Ce sont de belles figures, des moments drôles (notamment les dialogues entre Voltairine et ses copines interloquées), et surtout un jeu subtil sur le langage et son pouvoir d’évocation, qui permet de parler avec les morts et de faire revivre à l’infini les moments importants de la vie.

Petite Linotte

La mère d’Assa laisse sa fille à sa mère, « pour se reposer ». C’est le cadre d’une rencontre entre deux générations, et même trois puisque la grand-mère superpose la relation avec sa petite-fille avec celle qu’elle avait avec sa propre fille, jusqu’au surnom qu’elle lui donnait, « linotte ». Assa rencontre aussi les enfants des environs, Yasmine qui devient son amie, Diego le garçon étrange dont elle a peur et qu’elle soupçonne de maltraiter les animaux. Tout cela se passe dans un village, puis dans la forêt. La nuit est pleine de mystères.

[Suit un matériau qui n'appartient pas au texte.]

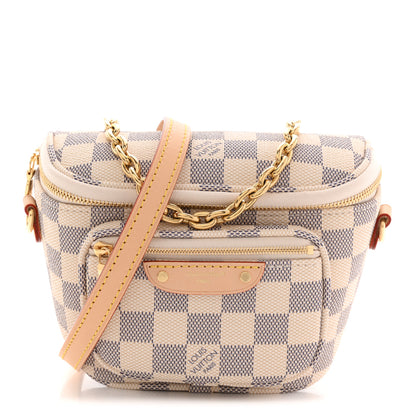 Louis Vuitton Damier Azur Mini Bumbag 1 of 10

Assa a peur de ressembler à sa mère et d’être comme elle une linotte, un faible oiseau qui ne saura pas se débrouiller dans la vie. Elle rêve en monologues poétiques. Troubles de la personnalité, métamorphose, mensonges et découvertes…. La forêt et l’amitié permettent à Assa de « prendre son envol ». C’est une très belle fable, pleine de poésie et d’espoirs.